An open-air stairway went up to the next floor, and a long breezeway led to the large post-operative surgery ward. Ten or twelve men in hospital smocks looked up as we entered. “The nurse has gone upstairs to match up some blood types,” one volunteered. “She’ll be back soon.”
Just then a blonde nurse about my age walked into the ward carrying several pages of a report. In my Red Cross training class, I’d learned that the blood from all donors was screened for syphilis, then re-screened if necessary, before being given to the Red Cross. All the samples were written up in a report and any that tested positive were referred to a doctor, so that an infected person could be informed. The men in the recovery ward had been cleared prior to surgery, so they could donate without additional testing.
Without standing on formality, Auntie stepped forward. “I’m Mrs. Goodhue, and this is my niece, Merrylei Wentworth. We’re from the Red Cross.” She pushed up her sleeves. “How can we help?”
“Jane Howard,” she said with a hurried scan around the room, as if to weigh the priorities. “You could make up three gallons of normal saline,” she decided after a pause. “We have three one-gallon bottles in the lab on the fourth floor.” She smiled at us for the first time. “And thanks. I’m alone here this weekend except for my aid, Melba.”

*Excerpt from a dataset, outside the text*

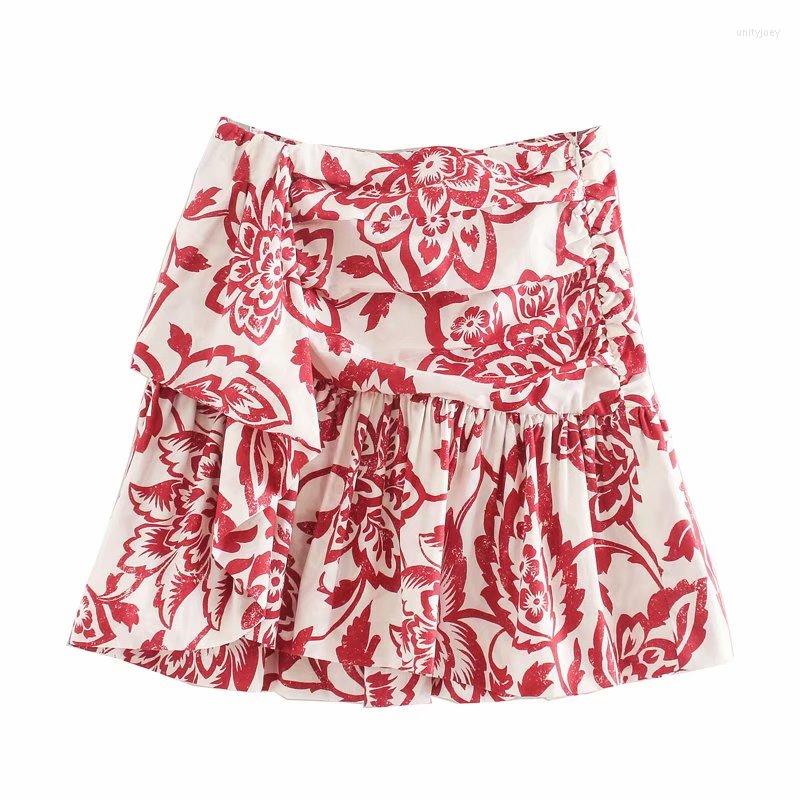 

Skirts 2023 Women Sweet Tropical Flower Print Pleated Mini Skirt Faldas Mujer Ladies Casual Slim Side Zipper Ruffles QUN561, As pic qun561o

I followed Auntie up two more flights to where there was a rooftop library, squeezed between the laboratory and the surgery. A shudder rocked the building, made more violent by our height from the ground, and we rushed out to the rooftop to see what was happening.

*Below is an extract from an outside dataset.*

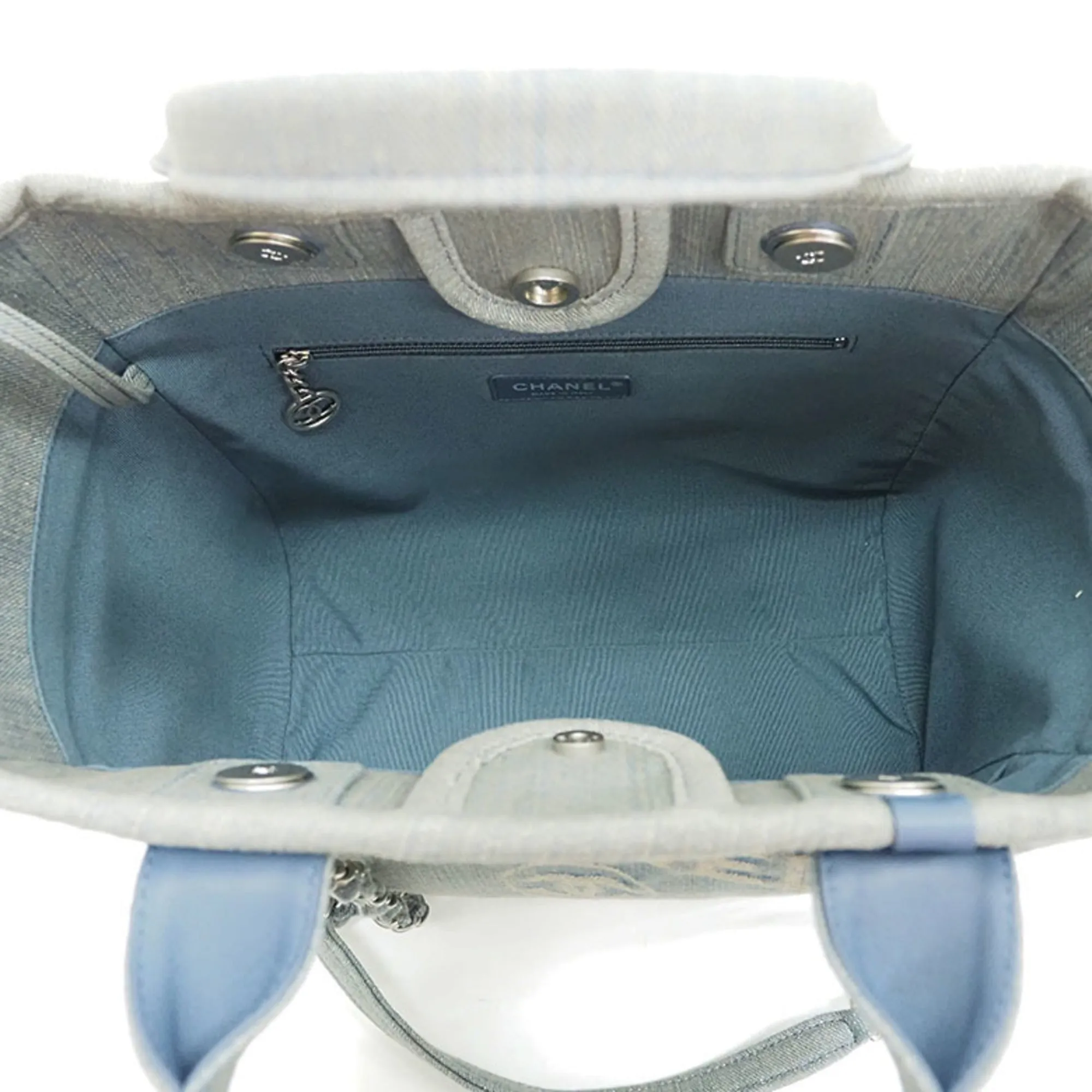CHANEL Denim Shopping Bag Tote Light Blue Deauville Women's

Eight miles away, across all the roofs in downtown Honolulu and the spire of St. Andrews Cathedral, Pearl Harbor was engulfed in a haze of smoke so dense, that a leaden piece of nightfall seemed to have settled on it completely apart from the morning sunshine. Several planes darted above the smoke in elegant swooping circles but confined their flight patterns to the distance. If I didn’t know better, routine military maneuvers might have been going on at the base. Until a solitary fighter broke ranks from the squadron and headed toward the hospital.
There was a mesmerizing quality to the course he was on that kept Auntie and I rooted to the spot. I wasn’t as familiar with the large red circle of the rising sun on the wings as I became later in the morning. Certainly two women on a rooftop weren’t his target. The pilot must have thought we were crazy standing in the open with our hands up to shield our eyes from the glare. He passed over the roof so low I could see his face behind the goggles and the white headband wound around his forehead. To this day, I swear I would recognize that pilot anywhere. In the wake of an ear-splitting roar, the sweetly nauseating stench of burning aviation fuel filled the air around us. It was the first of many strange new sensations that assaulted me that day.

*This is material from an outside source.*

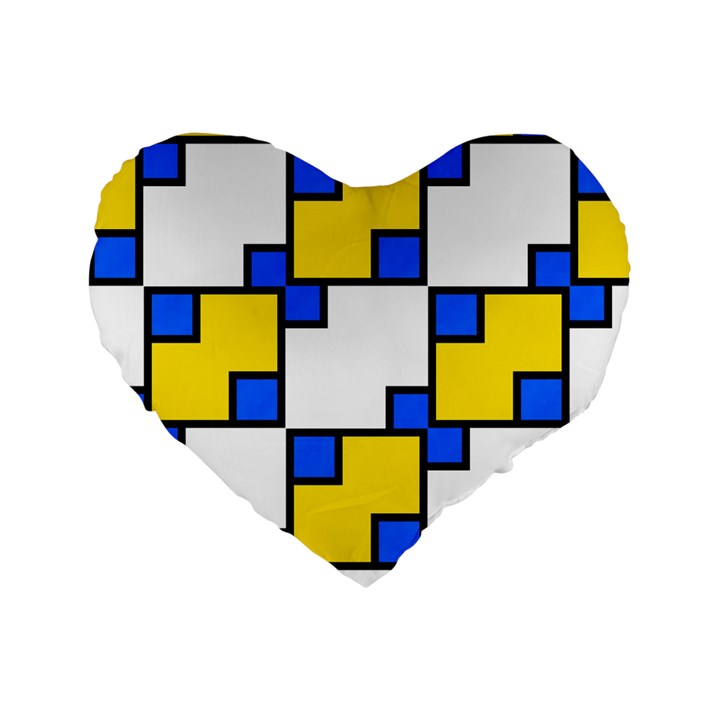 Yellow and blue squares pattern Standard 16  Premium Heart Shape Cushion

I don’t know what time it was when Edward found Auntie and me in the laboratory. We had finished mixing the saline and were about to carry the bottles down to the Liholiho ward by hand, because the elevators weren’t running. Melba’s almond-shaped eyes widened in apprehension when one of the orderlies suggested sabotage. She was closeted away in the laboratory preparing slides to do blood typing when the donations came in.
Edward introduced us to the middle-aged woman at his side who was dressed in a khaki uniform. “This is Miss Ennis from the Red Cross field office.” He was in a white doctor’s coat that he hadn’t worn around the carriage house since his first house call. “The Commanding Officer at the Naval Hospital asked her to recruit volunteers. I knew she could count on you.”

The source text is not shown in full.